- The problem: Output must match the data below exactly from its first line through the line that contains "3월12일 프리미어리그 첼시 뉴캐슬 해외축구분석 스포츠분석", with no other line.
:: Exercise data ::
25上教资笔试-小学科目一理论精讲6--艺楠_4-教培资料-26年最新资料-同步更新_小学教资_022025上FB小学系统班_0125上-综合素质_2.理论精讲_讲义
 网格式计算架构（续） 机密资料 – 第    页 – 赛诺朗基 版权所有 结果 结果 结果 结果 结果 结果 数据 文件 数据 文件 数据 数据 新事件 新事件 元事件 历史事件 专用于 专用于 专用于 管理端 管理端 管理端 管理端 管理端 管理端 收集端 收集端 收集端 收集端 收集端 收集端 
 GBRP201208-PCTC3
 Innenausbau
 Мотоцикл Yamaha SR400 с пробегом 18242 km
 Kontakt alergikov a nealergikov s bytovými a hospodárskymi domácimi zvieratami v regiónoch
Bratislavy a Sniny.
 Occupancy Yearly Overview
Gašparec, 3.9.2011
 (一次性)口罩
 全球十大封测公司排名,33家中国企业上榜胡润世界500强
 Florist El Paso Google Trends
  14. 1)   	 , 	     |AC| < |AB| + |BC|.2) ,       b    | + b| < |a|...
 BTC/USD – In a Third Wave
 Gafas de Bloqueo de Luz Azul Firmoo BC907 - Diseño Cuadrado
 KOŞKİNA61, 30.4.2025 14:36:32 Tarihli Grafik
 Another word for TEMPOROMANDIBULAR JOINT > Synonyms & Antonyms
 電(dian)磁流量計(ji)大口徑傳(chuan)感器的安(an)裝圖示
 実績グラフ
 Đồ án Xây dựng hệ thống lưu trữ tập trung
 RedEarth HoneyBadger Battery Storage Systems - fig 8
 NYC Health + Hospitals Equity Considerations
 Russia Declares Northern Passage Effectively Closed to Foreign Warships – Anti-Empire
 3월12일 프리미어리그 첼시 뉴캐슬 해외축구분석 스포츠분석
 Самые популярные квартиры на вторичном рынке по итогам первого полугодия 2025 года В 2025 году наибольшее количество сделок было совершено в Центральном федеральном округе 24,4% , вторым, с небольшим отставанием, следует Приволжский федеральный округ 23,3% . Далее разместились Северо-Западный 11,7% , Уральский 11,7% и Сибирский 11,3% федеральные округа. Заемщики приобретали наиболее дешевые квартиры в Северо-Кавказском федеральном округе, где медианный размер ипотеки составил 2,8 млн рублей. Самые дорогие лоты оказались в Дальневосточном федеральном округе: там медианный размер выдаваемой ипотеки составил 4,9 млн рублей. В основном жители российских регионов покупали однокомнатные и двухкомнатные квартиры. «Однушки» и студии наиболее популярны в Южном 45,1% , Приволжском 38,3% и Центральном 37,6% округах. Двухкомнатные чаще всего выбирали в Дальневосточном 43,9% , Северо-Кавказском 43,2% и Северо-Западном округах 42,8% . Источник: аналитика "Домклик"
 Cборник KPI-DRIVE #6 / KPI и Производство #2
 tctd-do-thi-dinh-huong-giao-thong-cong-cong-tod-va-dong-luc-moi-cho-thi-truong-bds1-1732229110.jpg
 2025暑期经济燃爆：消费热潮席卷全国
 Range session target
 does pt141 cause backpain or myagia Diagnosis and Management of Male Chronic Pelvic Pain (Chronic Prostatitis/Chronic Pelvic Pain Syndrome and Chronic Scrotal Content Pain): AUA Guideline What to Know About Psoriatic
:::
- Task answer:
25上教资笔试-小学科目一理论精讲6--艺楠_4-教培资料-26年最新资料-同步更新_小学教资_022025上FB小学系统班_0125上-综合素质_2.理论精讲_讲义
 网格式计算架构（续） 机密资料 – 第    页 – 赛诺朗基 版权所有 结果 结果 结果 结果 结果 结果 数据 文件 数据 文件 数据 数据 新事件 新事件 元事件 历史事件 专用于 专用于 专用于 管理端 管理端 管理端 管理端 管理端 管理端 收集端 收集端 收集端 收集端 收集端 收集端 
 GBRP201208-PCTC3
 Innenausbau
 Мотоцикл Yamaha SR400 с пробегом 18242 km
 Kontakt alergikov a nealergikov s bytovými a hospodárskymi domácimi zvieratami v regiónoch
Bratislavy a Sniny.
 Occupancy Yearly Overview
Gašparec, 3.9.2011
 (一次性)口罩
 全球十大封测公司排名,33家中国企业上榜胡润世界500强
 Florist El Paso Google Trends
  14. 1)   	 , 	     |AC| < |AB| + |BC|.2) ,       b    | + b| < |a|...
 BTC/USD – In a Third Wave
 Gafas de Bloqueo de Luz Azul Firmoo BC907 - Diseño Cuadrado
 KOŞKİNA61, 30.4.2025 14:36:32 Tarihli Grafik
 Another word for TEMPOROMANDIBULAR JOINT > Synonyms & Antonyms
 電(dian)磁流量計(ji)大口徑傳(chuan)感器的安(an)裝圖示
 実績グラフ
 Đồ án Xây dựng hệ thống lưu trữ tập trung
 RedEarth HoneyBadger Battery Storage Systems - fig 8
 NYC Health + Hospitals Equity Considerations
 Russia Declares Northern Passage Effectively Closed to Foreign Warships – Anti-Empire
 3월12일 프리미어리그 첼시 뉴캐슬 해외축구분석 스포츠분석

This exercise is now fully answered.